## Prompt
The line with "Heidelberg two-color cylinder" through the last line of the entries: give these again exactly, and only these, without any pictures.

## Material for this exercise
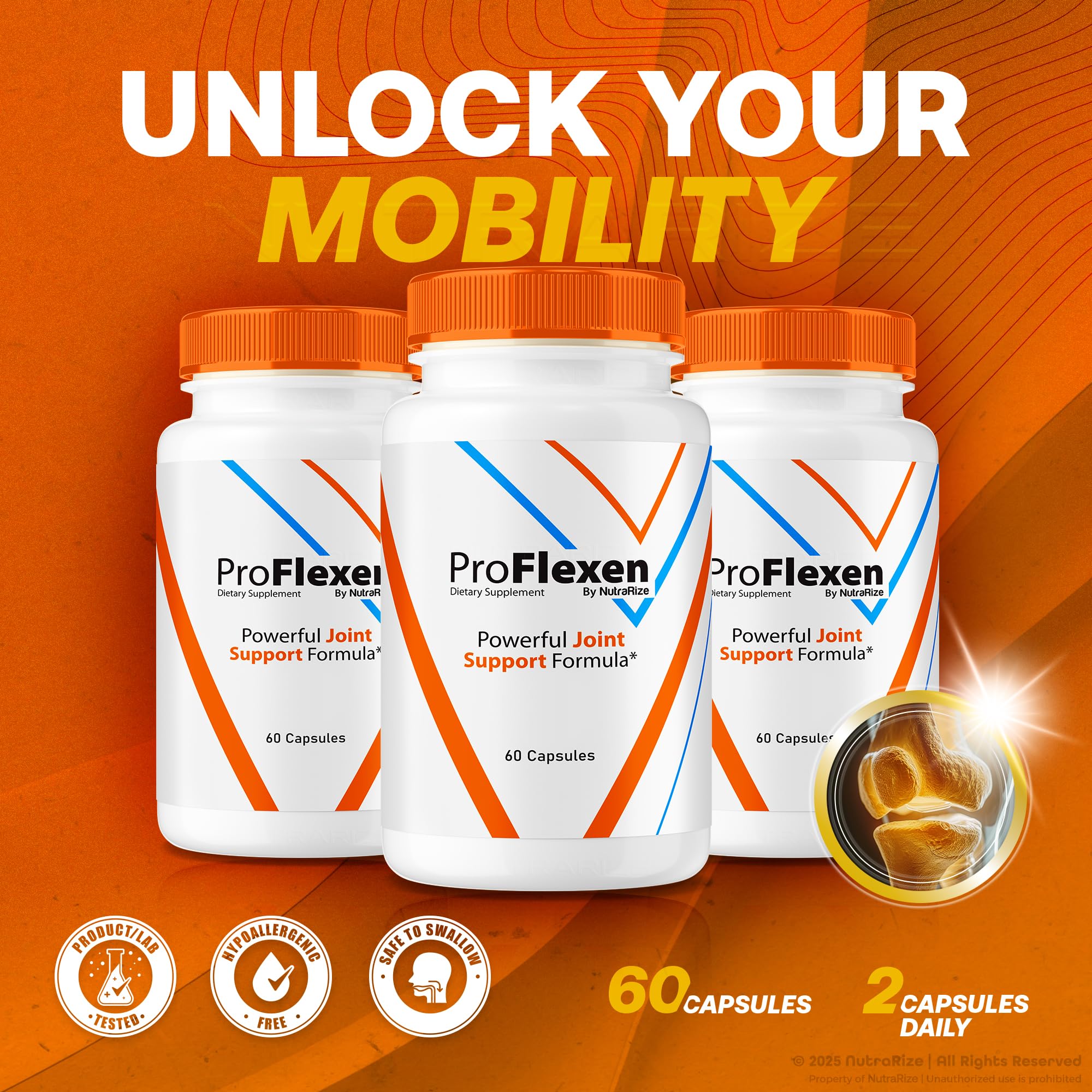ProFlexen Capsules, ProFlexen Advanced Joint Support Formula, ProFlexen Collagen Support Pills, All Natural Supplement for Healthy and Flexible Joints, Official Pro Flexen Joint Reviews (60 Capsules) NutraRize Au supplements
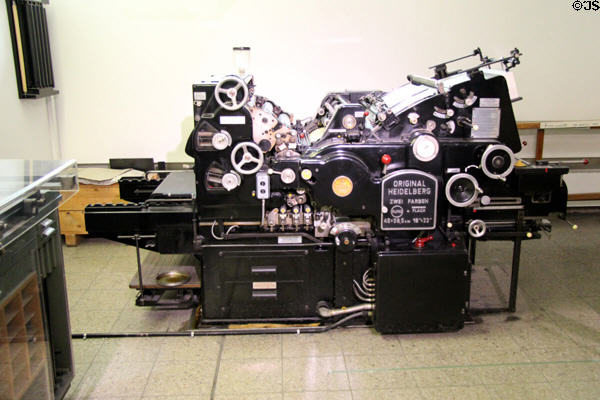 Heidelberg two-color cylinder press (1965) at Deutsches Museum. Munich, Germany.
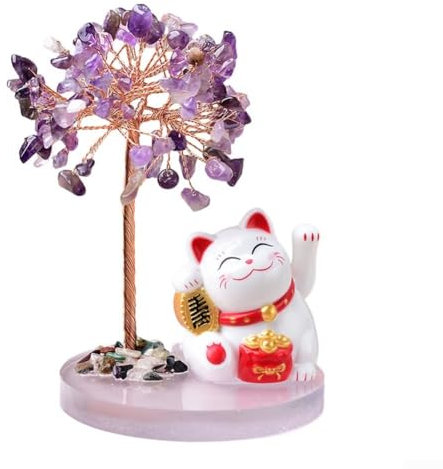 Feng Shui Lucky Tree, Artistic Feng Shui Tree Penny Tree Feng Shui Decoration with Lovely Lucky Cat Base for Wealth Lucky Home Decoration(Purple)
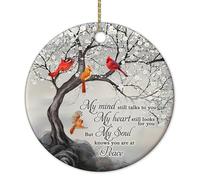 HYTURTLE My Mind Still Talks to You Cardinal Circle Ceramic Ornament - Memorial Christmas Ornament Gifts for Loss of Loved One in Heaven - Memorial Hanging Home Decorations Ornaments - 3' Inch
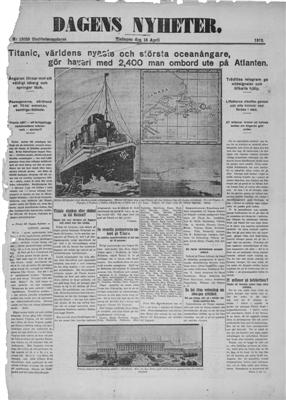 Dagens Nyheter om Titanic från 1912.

## Exercise result
 Heidelberg two-color cylinder press (1965) at Deutsches Museum. Munich, Germany.
 Feng Shui Lucky Tree, Artistic Feng Shui Tree Penny Tree Feng Shui Decoration with Lovely Lucky Cat Base for Wealth Lucky Home Decoration(Purple)
 HYTURTLE My Mind Still Talks to You Cardinal Circle Ceramic Ornament - Memorial Christmas Ornament Gifts for Loss of Loved One in Heaven - Memorial Hanging Home Decorations Ornaments - 3' Inch
 Dagens Nyheter om Titanic från 1912.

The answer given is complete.